All tests that use this fixture accept the contract that they should
deterministically pass for any seed value from 0 to 99 included.
If the `SKLEARN_TESTS_GLOBAL_RANDOM_SEED` environment variable is set to
`"any"` (which should be the case on nightly builds on the CI), the fixture
will choose an arbitrary seed in the above range (based on the BUILD_NUMBER or
the current day) and all fixtured tests will run for that specific seed. The
goal is to ensure that, over time, our CI will run all tests with different
seeds while keeping the test duration of a single run of the full test suite
limited.
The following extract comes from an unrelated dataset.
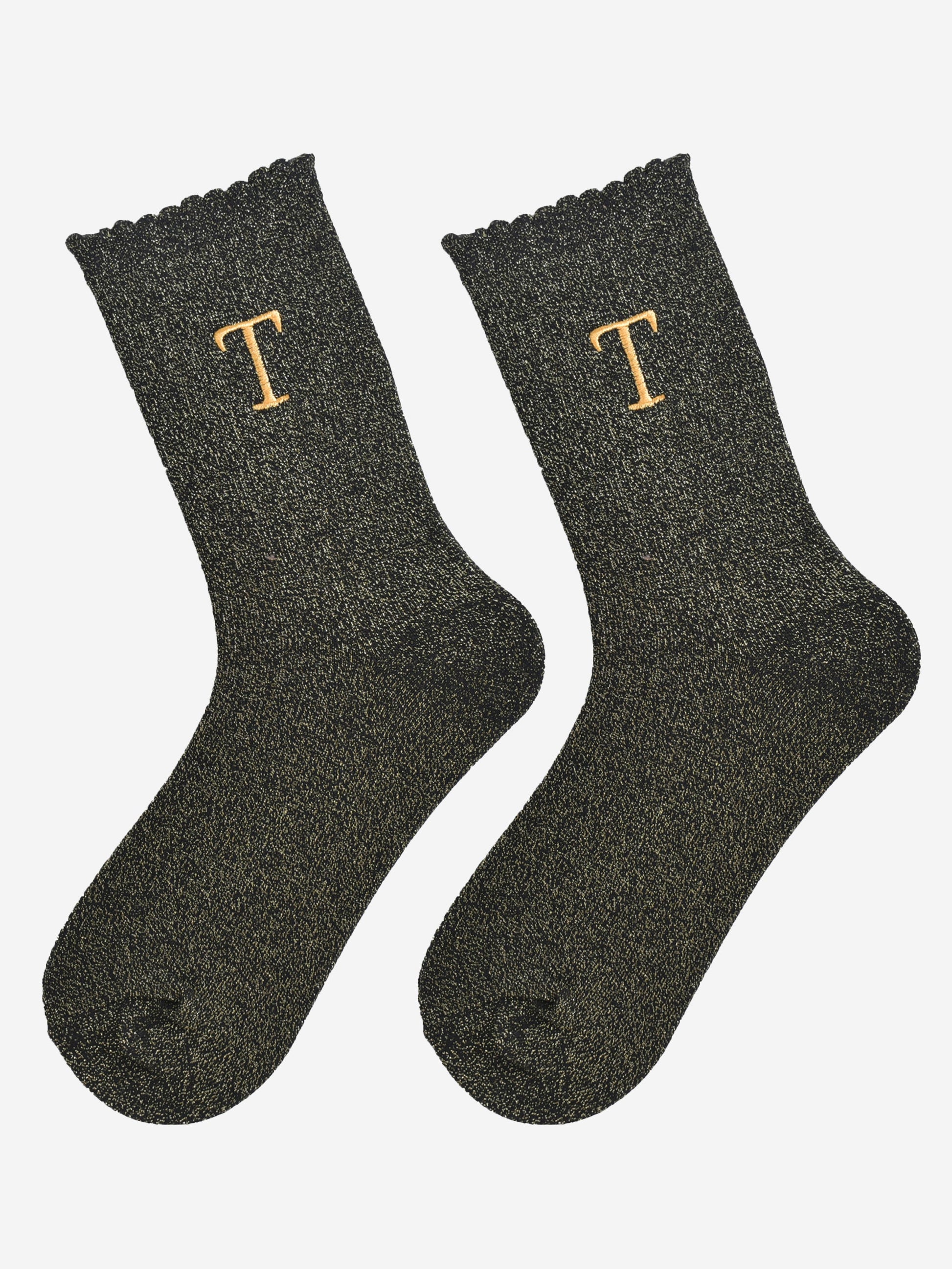 showing the glitter socks laying flat, they have a scalloped cuff and an all over gold sparkle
This will check that the assertions of tests written to use this
fixture are not dependent on a specific seed value.
The range of admissible seed values is limited to [0, 99] because it is often
not possible to write a test that can work for any possible seed and we want to
avoid having tests that randomly fail on the CI.
Valid values for `SKLEARN_TESTS_GLOBAL_RANDOM_SEED`:
- `SKLEARN_TESTS_GLOBAL_RANDOM_SEED="42"`: run tests with a fixed seed of 42
- `SKLEARN_TESTS_GLOBAL_RANDOM_SEED="40-42"`: run the tests with all seeds
between 40 and 42 included
- `SKLEARN_TESTS_GLOBAL_RANDOM_SEED="any"`: run the tests with an arbitrary
seed selected between 0 and 99 included
- `SKLEARN_TESTS_GLOBAL_RANDOM_SEED="all"`: run the tests with all seeds
between 0 and 99 included. This can take a long time: only use for individual
tests, not the full test suite!
If the variable is not set, then 42 is used as the global seed in a
deterministic manner. This ensures that, by default, the scikit-learn test
suite is as deterministic as possible to avoid disrupting our friendly
third-party package maintainers. Similarly, this variable should not be set in
the CI config of pull-requests to make sure that our friendly contributors are
not the first people to encounter a seed-sensitivity regression in a test
unrelated to the changes of their own PR. Only the scikit-learn maintainers who
watch the results of the nightly builds are expected to be annoyed by this.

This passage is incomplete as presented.